そして、オレが真木さんをサポートすることで、邪神の意識を抑えることができる・・・とも言っていた。
オレに出来ることなんて、こちらの世界では非力も同然だが、真木さんの力にはなりたいと思っているから、サポートすること自体に異論はない。
だが、人間はどう生きたって悩み、苦しみ、もがく生き物だ。
それらを全て抑えこむことなんて出来るはずがないし、抑え込むなんて気持ちが悪い。
それに、一瞬ではあったが、邪神ティアマトにオレは何ら敵意も感じなかった。
・・・くそっ、何が正しいのか分からない。
オレが頭を抱えていると、枕元に置いてあったスマートフォンが鳴った。
ラインっ
真木さんからだ・・・
『芸満(ゲイマン)先輩、おはようございます!すみません、電車が少し遅れているみたいで、鈴木グローバルテクノロジーシステム社での待ち合わせ時間に遅れそうです。』
そうだった。今日は里中部長に真木さんが考えたクラウド化の提案書を説明しに行く日だ。
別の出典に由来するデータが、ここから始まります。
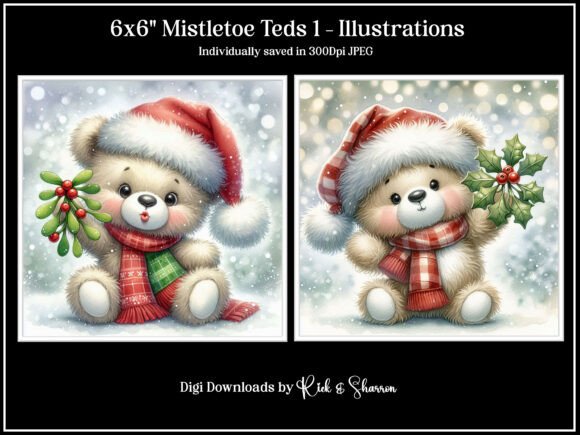 The Creative Edge: Understanding the 6x6 Miseltoe Teds 1 1-4 - JPEG Phenomenon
オレは慌てて着替え、鈴木グローバルテクノロジーシステム社に向かう。
社に到着すると、受付ロビーに見慣れた中年のオッサンが仁王立ちで待ち構えていた。
「よぉ!芸満(ゲイマン)。おはようさん!今日はよろしく頼むぜー!」
金内部長だ。
本当は昨日ぶりなんだろうが、オレは元の世界に戻って色々あったので久ぶりな感じだ。
「おはようございます、金内部長。真木さんは、電車の都合で少し遅れてくるそうですよ。」
オレは軽く会釈がてら挨拶し、真木さんが遅れてくることを伝える。
「そうかぁ、了解。ところで・・・」
金内部長はオレを近くにあったソファに座らせ、隣に座ってきて耳の近くでコソコソと話してきた。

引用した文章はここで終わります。